Pitak Siam’s (PS) avowed publicly proclaimed aim is to destroy democracy, throw out the democratically elected PTP government and then shut the country down for five years. To ratchet up tension PS have deliberately sowed rumours of violence and chaos up to and including shutting down Bangkok’s electric and water supplies. They are backed by a handful of very wealthy Thais and whilst they can call on a few thousand followers have no mandate whatsoever. Their "aims" seem to be driven by a peculiar form of nihilism that offers Thailand nothing other than chaos and violence. They are, of course, backed by Abhisit’s Democrat Party.

The Red Shirts protests in 2010, which were estimated to reach over 300,000 persons at their height, called, simply, for Abhisit to test his government’s legitimacy with an election. When the Democrat Party government finally did call one in 2011 they were hammered, returning with less seats than they managed in 2007. The Red Shirt aligned PTP, as outlined above, won in a landslide.

So, we have one protest group seeking to destroy democracy and one seeking to restore it. To claim they are “equivalent” is, once again, absurd.

Now onto the invocation of the ISA.

When the Abhisit Vejjajiva government invoked the ISA in 2009 and 2010 it was used to apply lethal force to attack democracy and keep the Democrat Party’s unelected, unmandated and anti-democratic government in power. The ISA was used purely for anti-democratic means.

The PTP government are being threatened by a group whose sole aim is to overthrow and destroy democracy and who appear to be more than willing to use violence to do so. It’s very clear that Pitak Siam need to be curtailed and it’s very clear that the ISA is being invoked to protect democracy.

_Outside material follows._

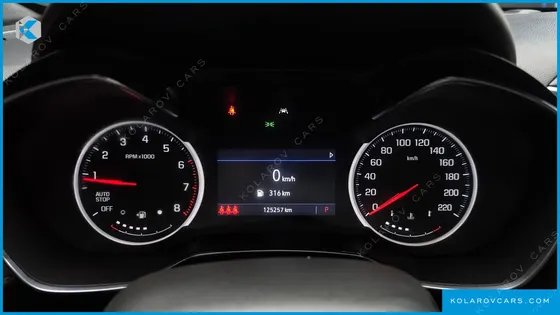 CHEVROLET (GM DAEWOO) TRAILBLAZER 1.3 TURBO 2WD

To claim that the use of the ISA by an unelected government to attack pro-democracy protesters is equivalent to the use of the same law to protect an obviously democratically elected government from a potentially violent fascistic tiny minority is not only disingenuous it is dangerous.

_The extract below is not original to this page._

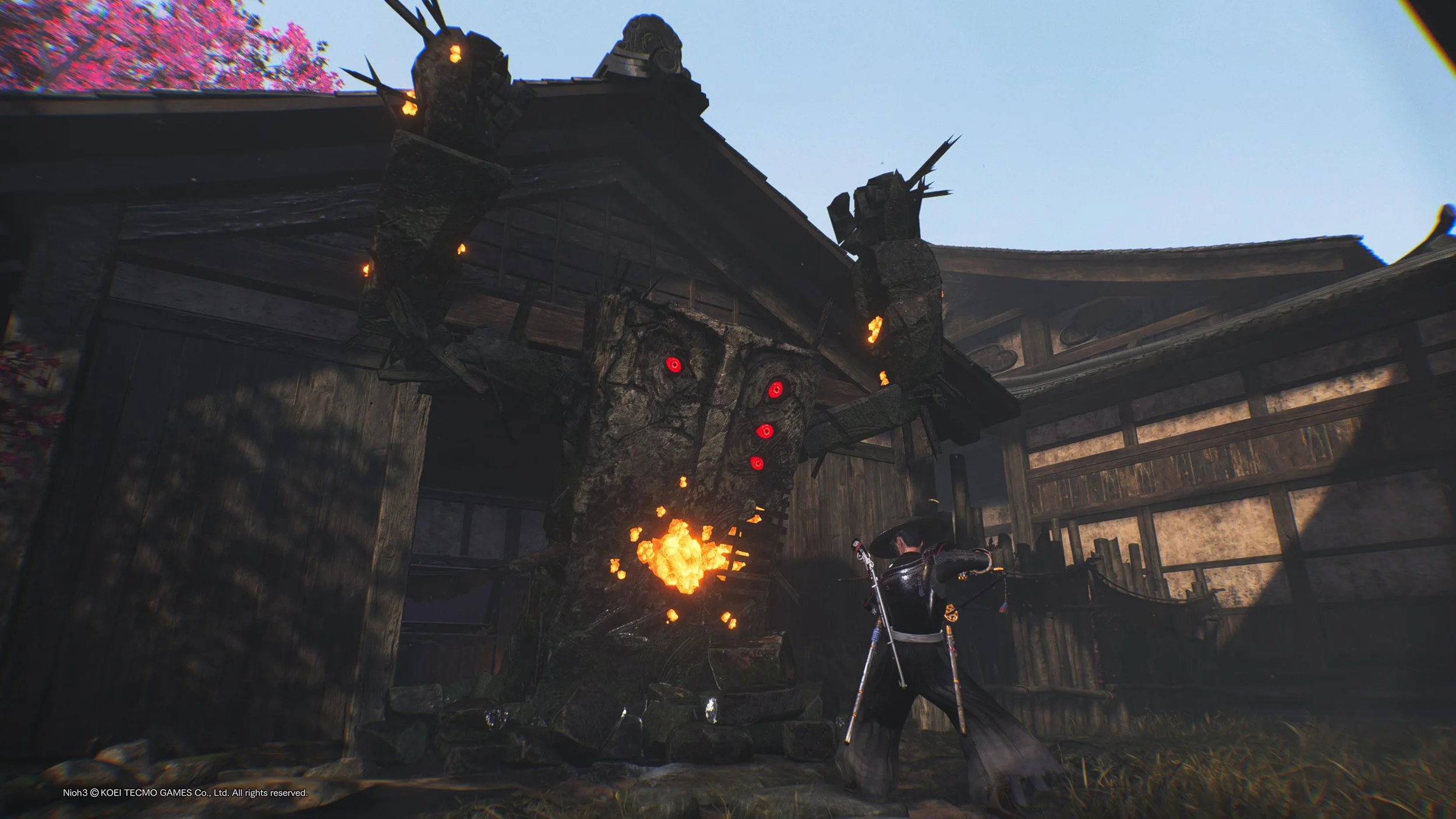 How to Deal with Nurikabe in Nioh 3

It’s my view that Yingluck’s government has a duty to protect both Thai democracy and Thai citizens from Boonlert’s fascists and Mark Abhisit’s maniacal lust for power.

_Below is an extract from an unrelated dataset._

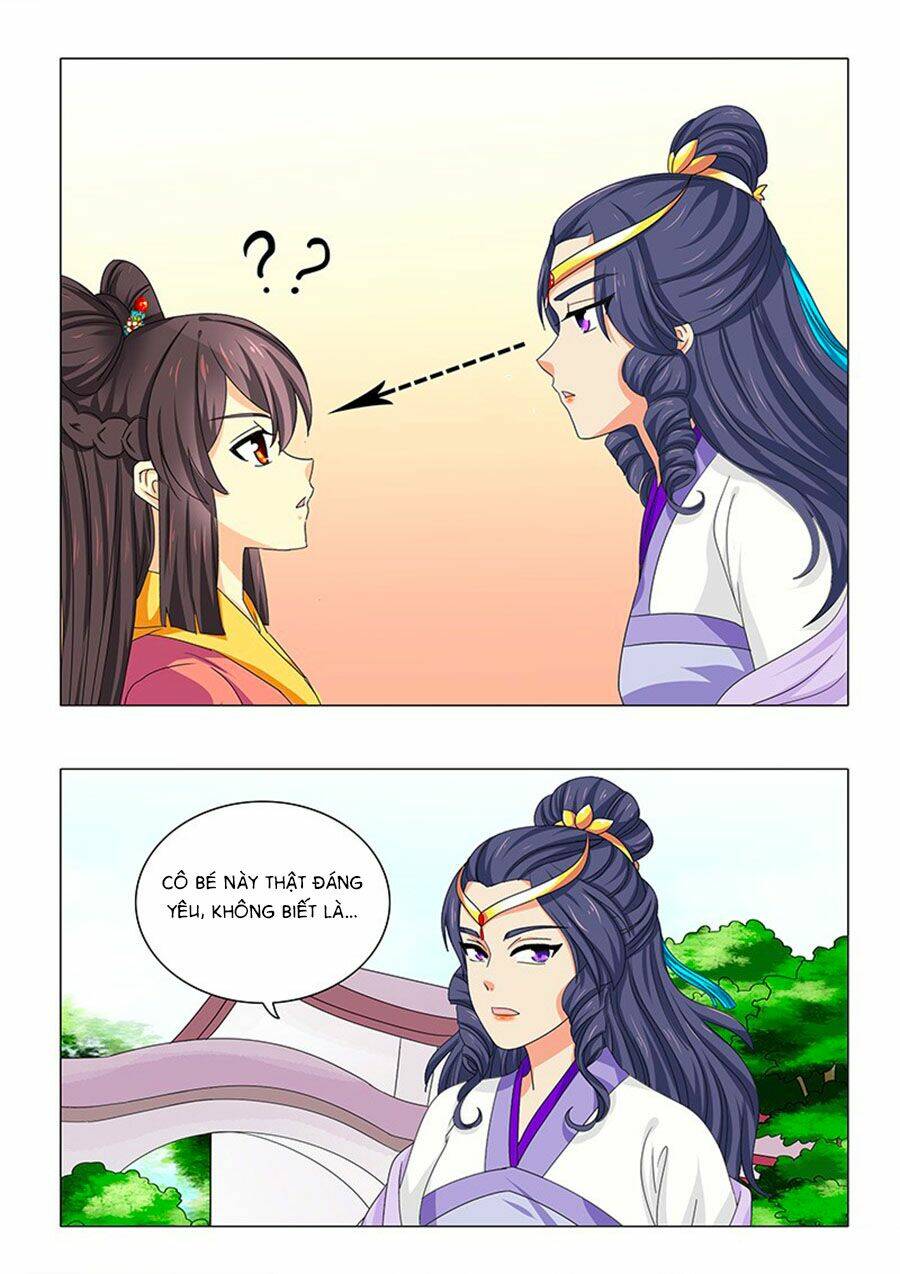 đống phù đã khai quang chapter 43 12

Those looking for a fence to sit on always find excuses as to why they lack courage, principle and conviction. False equivalences provide an easy but logically false way out that employs the kind of weak arguments a child could debunk.

I wish that there was no need to invoke the ISA but its present very limited use to protect democracy is entirely appropriate. Let’s hope this weekend passes off peacefully and Pitak Siam scuttle back under the stones from whence they came.